▸ **What the exercise asks**
Only one stretch of the records below should be repeated. It starts with the line containing "Bayer movento energy" and goes on through the line containing "我们都需要一个知己！（深度好文）", exactly as written.

▸ **Given data**
***
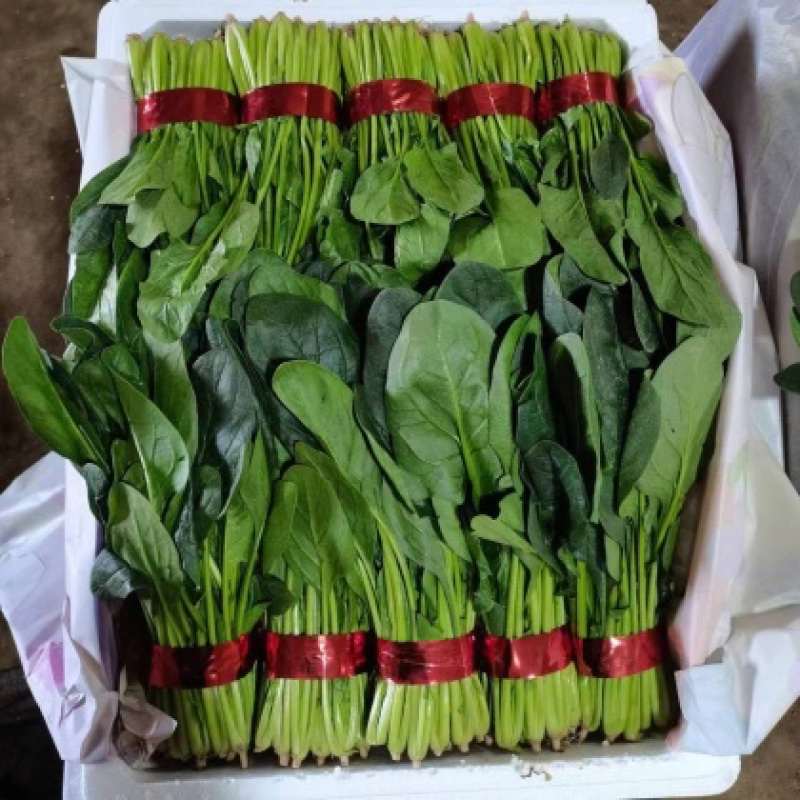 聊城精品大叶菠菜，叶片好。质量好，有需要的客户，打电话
***
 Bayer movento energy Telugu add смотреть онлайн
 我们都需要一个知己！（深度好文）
***
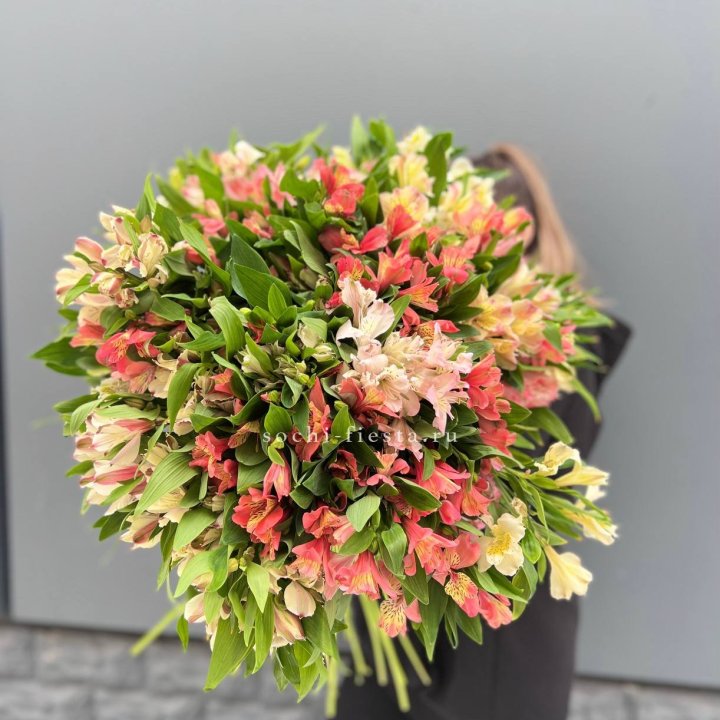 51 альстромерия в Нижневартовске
***
▸ **Written answer**
 Bayer movento energy Telugu add смотреть онлайн
 我们都需要一个知己！（深度好文）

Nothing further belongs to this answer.